Here, we investigate approaches to parallelizing the approximate string matching problem, a specific case of the classical edit distance problem. The edit distance problem is the canonical dynamic programming problem and involves finding the number of individual character insertions, deletions, and substitutions to transform one string into another string. The related approximate string matching problem, investigated here, involves finding all positions in one string such that some substring ending at that position in the string has an edit distance less than a specified $k$ with a second string. As a dynamic programming problem, the traditional solution involves a chain of dependencies that renders parallelization extremely difficult, thus, we investigate several different approaches to attempt to resolve this issue.
We took two approaches to this problem: directly parallelizing the traditional bottom-up dynamic programming algorithm, and a parallel bit-vector algorithm, and offer performance comparisons between the two different approaches.
Parallel Dynamic Programming
In the traditional dynamic programming (DP) approach, the edit distance can be obtained by evaluating a NxM matrix where N and M are the lengths of the inputs. In this DP matrix, the value of each entry depends exactly on the values of the entries above, to the left, and to the upper-left. This results in anti-diagonal rows whose entries may be evaluated independently (provided that the previous diagonals have already been computed). The number of diagonals is precisely N+M+1; however, they are not of uniform lengths. This poses a challenge in data layout and work allocation between multiple threads.

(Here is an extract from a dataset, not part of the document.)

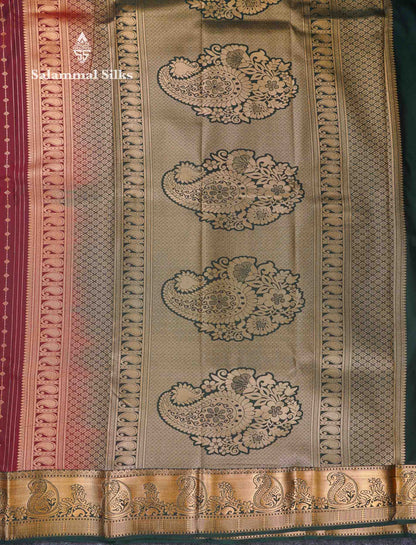 Beautiful Dark Maroon Zari Lines With Butta Semi Silk Saree With Contrast Bottle Green Traditional Border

In order to achieve greater spatial locality, the DP table entries are laid in “diagonal-major” order. To save a substantial amount of memory (as opposed to allocating the entire DP table), we note that we only need to store at most three diagonals at any given iteration. This allows the algorithm to run in O(min(M,N)) space and O(M*N) time.
Our implementation processes the initial diagonals up to a certain size. Afterwards, each diagonal is split (chunked) evenly among the available threads. In the image below, each color represents the region of the table which is processed by a particular thread.

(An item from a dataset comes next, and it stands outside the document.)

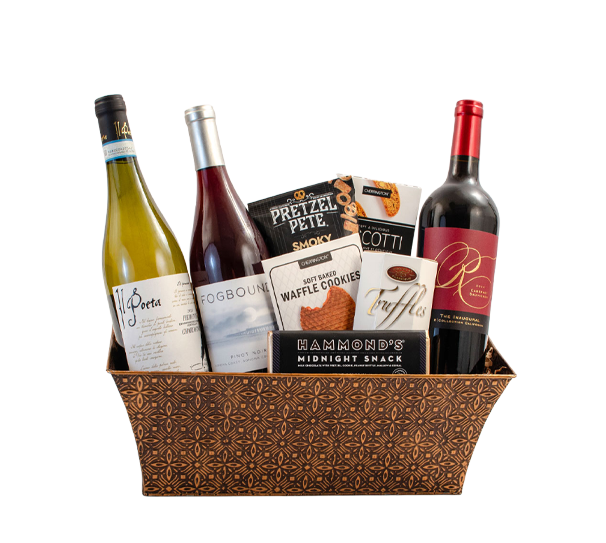 Wine Trio and Snack Gift Basket Wine Trio and Snack Gift Basket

The aforementioned method generates the following speedup over a serial row-order evaluation of the DP table.
The bit-vector approach makes the insight that the dynamic programming matrix created in the bottom-up approach is fully defined by the differences in the values of adjacent cells, and that furthermore, these differences are either -1, 0, or 1.
For example, in the below image, we can see the complete dynamic programming matrix for approximate string matching of ‘match’ against ‘remachine’. The right-hand side represents the same matrix, but displays the only differences between vertically adjacent cells, using P to represent +1 and M to represent -1.

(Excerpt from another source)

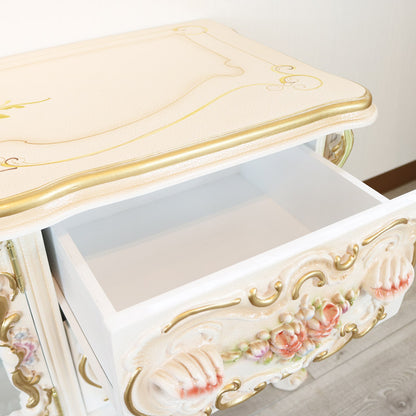 ロココ テレビボード 105cm ローキャビネット クラック仕上げ 白家具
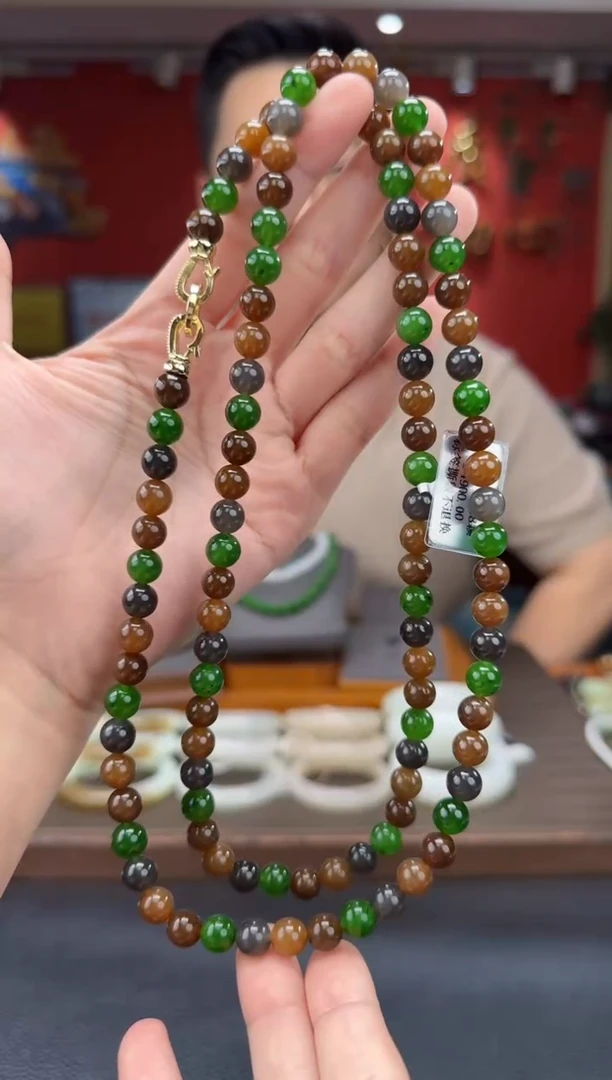 和田玉未镶嵌颈饰多宝108颗多圈卡8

It turns out that when represented in this way, we can use a single bit for each cell and compute each column of the delta matrix entirely in parallel using only bitwise operations! Details of this approach can be found in the original paper .
However, while this seems very promising, parallelizing the algorithm for inputs longer than the number of bits in the largest primitive (usually 64 bits for a
long long) proves to be difficult as a portion of the algorithm relies on the carrying property of addition, which would require an arbitrary precision addition implementation and is itself very difficult to perform in parallel effectively.
The original paper does not offer a satisfactory solution to this problem, only describing an approach that sequentially processes word-sized blocks of the dynamic programming matrix, effectively limiting the speedup to a factor of 64 and failing to take advantage of considerable parallel capabilities of modern processors and graphics cards. Therefore, we are looking into effective arbitrary precision addition implementations and possible other approaches to this problem in an attempt to better utilize the numerous processing units on CPUs and GPUs and achieve an even greater speedup.